Llevo unos días lidiando contra ciertos pensamientos incómodos y oscuros que están mermando mi paz espiritual.
He probado a comer alimentos que nunca he comido, beber líquidos que nunca he bebido y, aun a riesgo de parecer gilipollas, hablar de cosas que desconozco. Y he acabado bebiendo sin tener sed, comiendo sin tener hambre y hablando sin tener nada que decir. Eso sí: me he sentido muy humano y casi caigo enfermo. Luego he transitado por superficies inhóspitas que nunca he pisado hasta llegar a lugares remotos en los que nunca he estado. Y no he visto nada diferente que no haya visto en otros sitios conocidos. Ya me entendéis: gente.
También he consumido música, cine y literatura alabada por la prensa especializada, y me han acometido ataques epilépticos, ardores, diarreas y ansias de perpetrar una masacre. Y he practicado métodos menos agresivos, como jugar al ajedrez conmigo mismo, hacer sudokus y resolver el cubo de Rubik bajo la alcachofa de la ducha con el agua fría. Pero nada.

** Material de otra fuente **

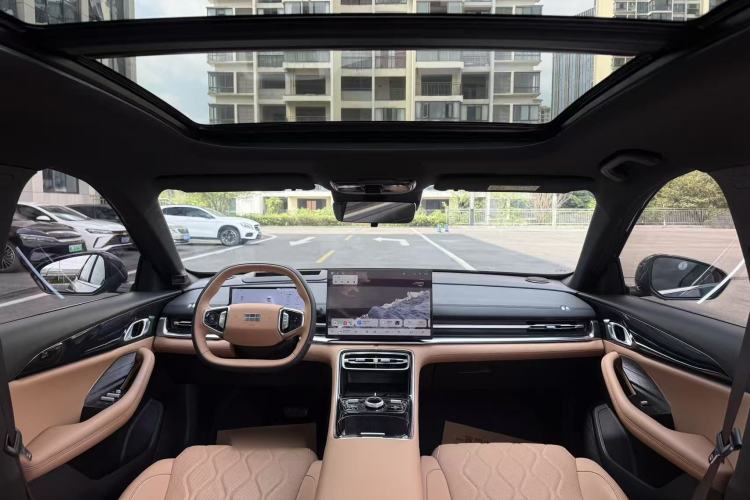 Used Geely Galaxy A7 2025 Model EM-i 150km Starship Edition Interior 1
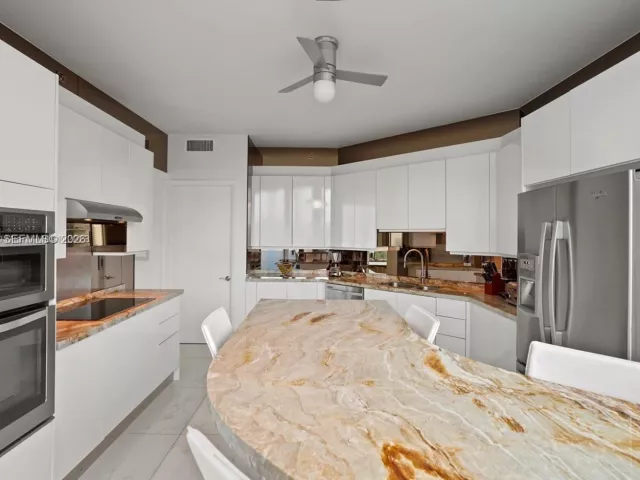 3-bedroom condo for sale in Miami Beach - 300 S Pointe Dr 605 - MondialRealty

He recurrido a mi surtido de blasfemias cotidianas tales como defecar en el santoral, en vírgenes, iglesias, religiones y dioses. Pero eso es algo que llevo haciendo desde los trece años, incluso estando de buen humor y con la mente en blanco, así que no ha servido de nada. Tampoco cuando lo he intentado con programas de televisión y radio, prensa roja y azul, monarquías, ejércitos, ideologías, nacionalismos y votantes obtusos.
Por si fuera poco, he estado explotando burbujas de embalaje sentado en los bancos de las plazas hasta altas horas de la noche. Me he pasado horas de vaivén en los columpios de los parques con la mirada perdida, y me he lanzado de cabeza por los toboganes una y otra vez hasta que los niños pequeños se han puesto a llorar y sus madres acomplejadas me han mirado con indignación y desprecio.
Y no digáis que no lo he intentado de veras, pues para pensar con claridad también me he ido al río a tirar piedras hasta que se han acabado. He saltado a la comba con descoordinación ante las fachadas de los sex shops para reencontrarme con mi niñez. He arriesgado la vida en los pasos de cebra en hora punta en busca de algún estímulo extremo. Nada, nada ha funcionado: ni siquiera estar siete horas haciendo de mimo en la misma postura para conectar con mi yo interior.
Y hoy, por último, falto de esperanzas y apenas reconociéndome, he acabado en la consulta del médico —no recuerdo si pública o privada— y me ha diagnosticado que estoy aquejado de un nivel medio-alto de misantropía de la cual no existe remedio, salvo irse al espacio con Calleja sin intención de volver. Ha sido tan gracioso que lo he cogido de la pechera y lo he incapacitado de por vida para el ejercicio de su profesión. Y qué extraño, he vuelto a pensar con claridad y los pensamientos oscuros e incómodos han dejado de atormentarme.
Sin duda, el empirismo está bien, pero hay que ir más al médico.